--- What to do ---
Lines before the one containing "Namyaa Disinfecting Menstrual" are not copied; that line and every one after it, through the end of the material below, are printed exactly, without pictures.

--- Data provided ---
______________________________

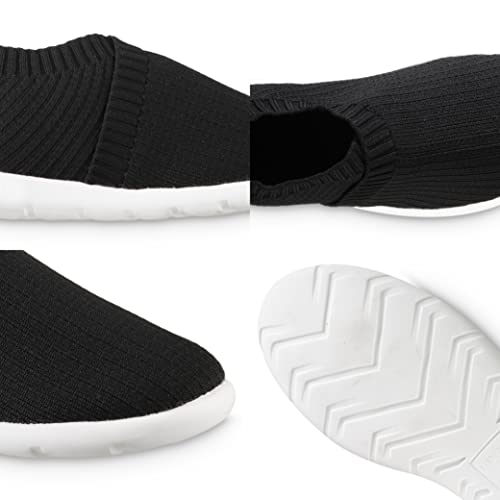 isotoner Women's Lightweight Recycled Stretch Sport Knit Slip-on Slipper Bootie Moccasin4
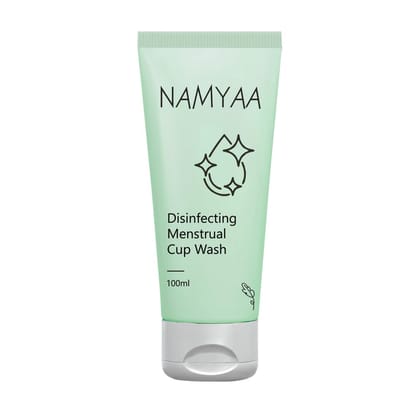 Namyaa Disinfecting Menstrual Cup Wash-Paraben & Sulphate Free With Tea Tree Oil & Silver Colloidal - 100ml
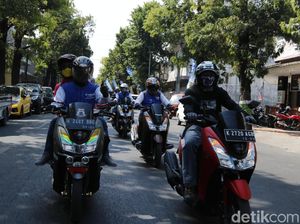 Puluhan Motor Ikuti City Touring Kudus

______________________________

--- Result below ---
 Namyaa Disinfecting Menstrual Cup Wash-Paraben & Sulphate Free With Tea Tree Oil & Silver Colloidal - 100ml
 Puluhan Motor Ikuti City Touring Kudus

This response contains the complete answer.